Bagi penerima bansos yang berhasil membangun usaha, pemerintah perlu mendukung mereka dengan memberi kemudahan dan perlindungan usaha. Skema bantuan menyeluruh ini diharapkan membuat penerima manfaat dapat berdaya dan keluar dari kemiskinan. Namun, skema ini memerlukan sinergi antar-kementerian.
”Perlu ada sinkronisasi antarpemangku kepentingan. Ini belum efektif karena setiap kementerian punya program sendiri-sendiri. Harmonisasi, integrasi, dan sinkronisasi program-program bansos penting dalam konteks penanggulangan kemiskinan nasional,” ujar Hempri.
Optimistis
Menurut survei Litbang Kompas, sebagian masyarakat optimistis pengentasan kemiskinan bisa diatasi. Survei dilakukan pada 25 Januari-4 Februari 2023 terhadap 1.202 responden di 38 provinsi.
Hasilnya, 67,6 persen responden menilai positif kondisi kesejahteraan sosial di Indonesia pada 2023. Hampir sepertiga responden bahkan menilai kondisi akan membaik. Survei juga menunjukkan bahwa optimisme itu akan semakin kuat bila diikuti perbaikan penyaluran bansos.
Perlu ada sinkronisasi antarpemangku kepentingan. Ini belum efektif karena setiap kementerian punya program sendiri-sendiri. (Hempri Suyatna)
Adapun tingkat kepuasan masyarakat terhadap kinerja pemerintahan Joko Widodo-Ma’ruf Amin di bidang kesejahteraan sosial pada Januari 2023 sebesar 77,3 persen. Salah satu indikator kepuasan itu adalah pemberian bantuan langsung untuk kesejahteraan masyarakat, seperti bansos dan BLT.
Tingkat kepuasan di indikator itu sebesar 62,7 persen. Angka ini meningkat dibandingkan survei pada Oktober 2022 (55,5 persen), tetapi turun jika dibandingkan survei pada Juni 2022 (64 persen).
Pelaksana Tugas Kepala Biro Humas Kementerian Sosial Romal Sinaga mengatakan, pihaknya terus berupaya memastikan keberhasilan penyaluran bansos. Ia mengatakan, tingkat realisasi dan sukses salur bansos ke masyarakat sebesar 99 persen.
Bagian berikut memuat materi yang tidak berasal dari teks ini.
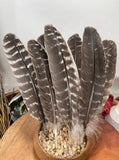 Natural Turkey Feathers, Smudging Feathers,  Feathers For Smudging or Decoration, Ethically sourced feathers, Spiritual Feathers.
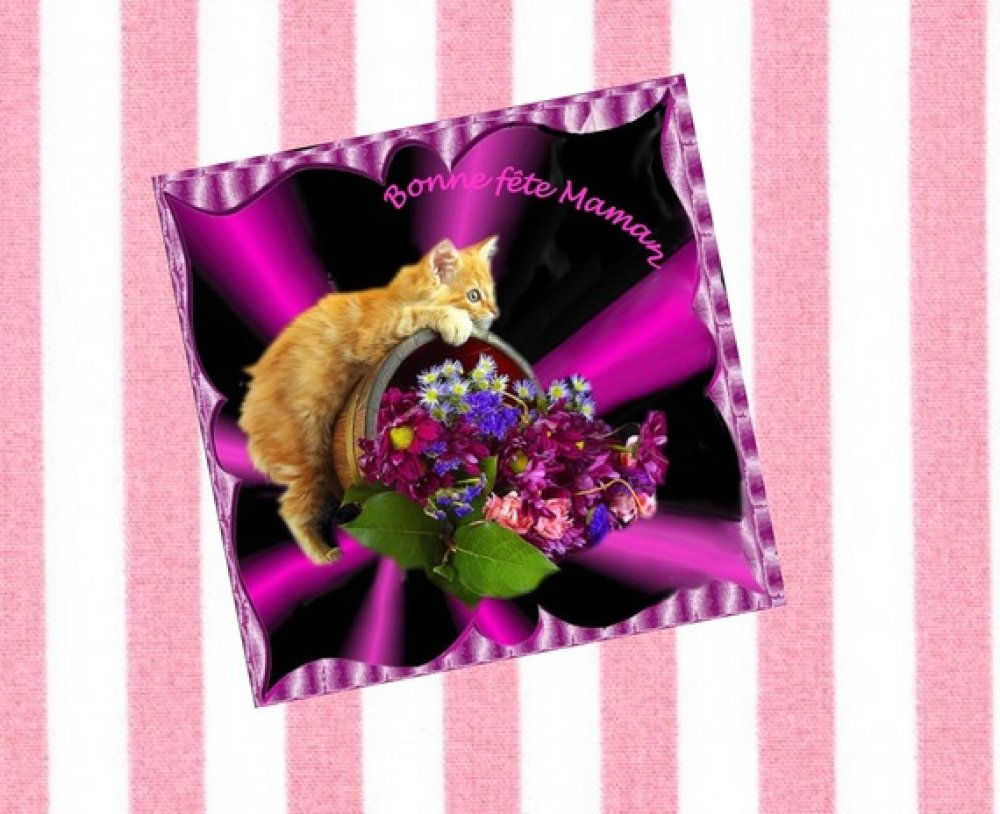 Carte Avec Chat Fete Des Meres Carree Et Double Chaton Roux Et Bouquet De Fleurs Un Grand Marche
Menurut data Kementerian Sosial saat Rapat Kerja dengan Komisi VIII DPR di awal Februari 2023, tingkat sukses salur PKH 100 persen, BPNT 99 persen, BLT minyak goreng 98,7 persen, dan BLT bahan bakar minyak 100 persen.
Data penerima manfaat bansos juga akan diperbarui berkala. Pemutakhiran data penting karena jadi acuan pemberian bansos. Sebelumnya, penyaluran bansos kerap salah sasaran karena masalah data.
”Pada Desember 2020 hingga Desember 2022, kami menidurkan 53 juta data (penerima bansos). Masyarakat juga bisa berpartisipasi mengecek penerima bansos melalui aplikasi Cek Bansos. Publik bisa mengusulkan atau menyanggah jika menemukan penerima bansos yang tidak tepat sasaran,” ujarnya.
Program inklusif
Sebelumnya, anggota Ombudsman RI, Robert Na Endi Jaweng, mengatakan, program perlindungan sosial mesti dirancang secara inklusif. Sebab, masih banyak kelompok rentan yang belum menerima bansos.
Saat pemerintah menaikkan harga bahan bakar minyak pada 2022, pemerintah memberi tiga jenis bansos, termasuk bantuan subsidi upah (BSU). Salah satu syarat menerima BSU ialah terdaftar di BPJS Ketenagakerjaan.
Padahal, sebagian masyarakat merupakan pekerja informal yang tidak terdaftar di BPJS Ketenagakerjaan. Ada pula pekerja lain yang belum didaftarkan oleh pemberi kerja ke BPJS Ketenagakerjaan. Mereka pun tidak dapat mengakses bantuan meski terdampak kenaikan harga BBM.
Robert juga menyorot pentingnya pengawasan distribusi bansos di lapangan. Pemanfaatan bansos di masyarakat juga mesti diawasi. Menurut dia, bansos masih digunakan sebagian penerimanya untuk belanja konsumtif seperti rokok. Hal ini juga sesuai dengan penelitian Pusat Kajian Jaminan Sosial (PKJS) Universitas Indonesia dengan Komisi Nasional Pengendalian Tembakau pada 2019.
”Dana yang diberikan ke masyarakat harus disertai pendampingan agar digunakan untuk kegiatan produktif. Kalau bisa, kenakan sanksi bagi orang yang menggunakan bantuan negara untuk belanja konsumtif, seperti rokok. Ini agar bantuan yang diberi sifatnya tidak temporer lalu lenyap,” ujar Robert.